Another important destination for U.S. ethanol is Brazil. Exports to Brazil from January to September 2015 represented 17.6% (110 million gallons) of total U.S. ethanol exports during that period. Exports to Brazil grew 45% this year relative to the volume exported January to September 2014 (75.6 million gallons). Another GAIN report (Brazil Biofuels Annual, Biofuels - Ethanol and Biodiesel) published by USDA/FAS, also in August 2015, indicated that in March 2015 Brazil's government approved a 2% increase in ethanol blend for gasoline from 25% to 27%.
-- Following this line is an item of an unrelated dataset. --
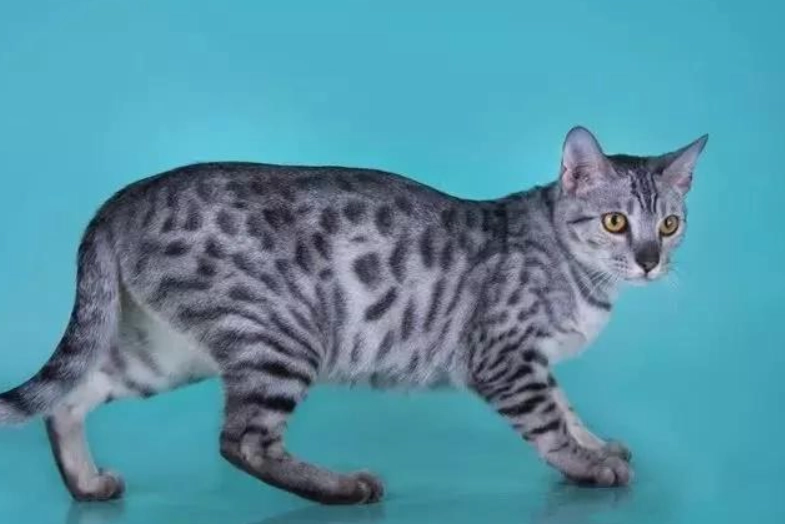 白色孟加拉貓價格 白色孟加拉貓價格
Brazil's total ethanol imports in 2015 are expected to increase 11.7% to about 133.4 million gallons compared to the 2014 (119.4 million gallons) as reported by the Brazilian Foreign Trade Secretariat (SECEX). In 2014 the U.S. supplied about 89% of Brazil's imported ethanol. In addition, from January to June 2015, the U.S. supplied 96% of Brazil's imported ethanol. If that trend continues for the entire year, the U.S. will seize most of the projected increase in Brazil's ethanol imports during 2015.
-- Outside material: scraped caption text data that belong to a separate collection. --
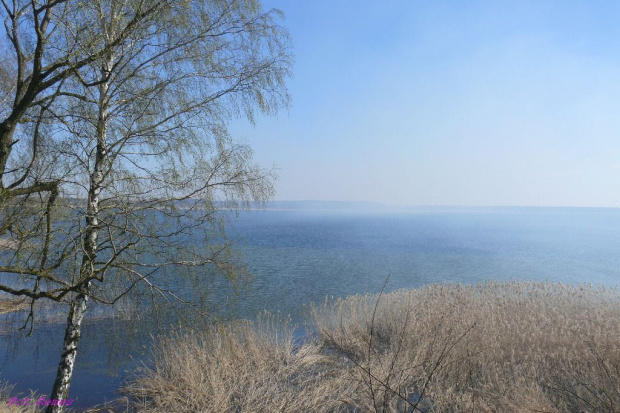 Zadymione jezioro Śniardwy #SzerokiOstrów #PółwysepSzerokiOstrów
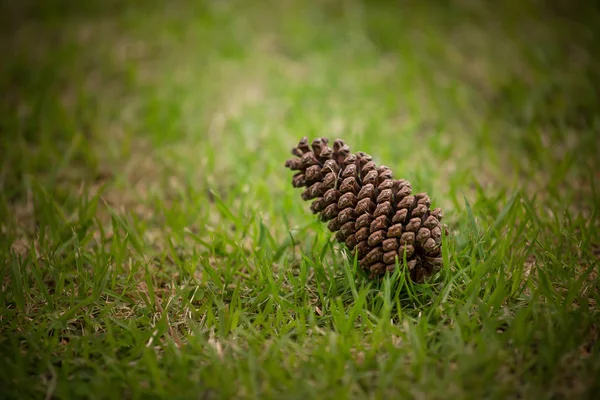 Zaad pine op het gazon close-up in beeld. — Stockfoto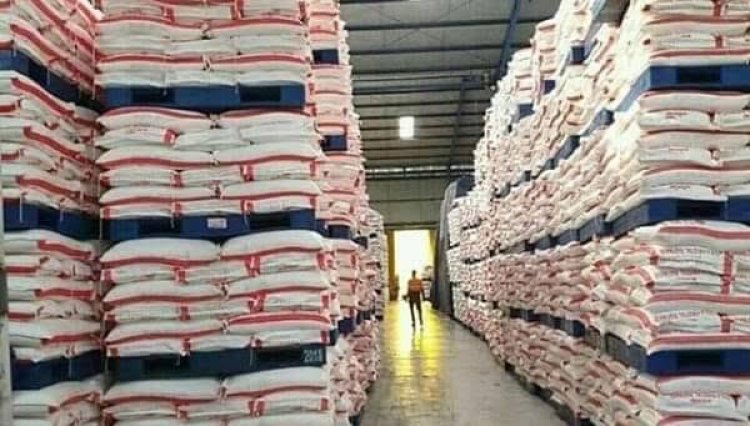 India Jadi Raja Gula Dunia, Indonesia Ketinggalan Jauh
Despite the strong U.S. dollar, U.S. ethanol exports in 2015 (January to September) were up 4.9% year-over-year. The growth in exports this year has been aided in part by lower 2015 Brazilian ethanol exports in response to their own increased domestic ethanol blending requirements.
U.S. ethanol exports to the European Union (EU) have declined substantially since 2013 due to anti-dumping duties that were put in place during that year. From 2010 to 2012, on average, 25% of U.S. ethanol exports were shipped to EU, whereas from 2013 to 2014 only 5% of U.S. ethanol exports were dispatched to EU. From January to September 2015, U.S. ethanol exports to the EU (25.5 million gallons) fell 38% year-over-year, representing only 4% of the U.S. ethanol exports during the first nine months of 2015.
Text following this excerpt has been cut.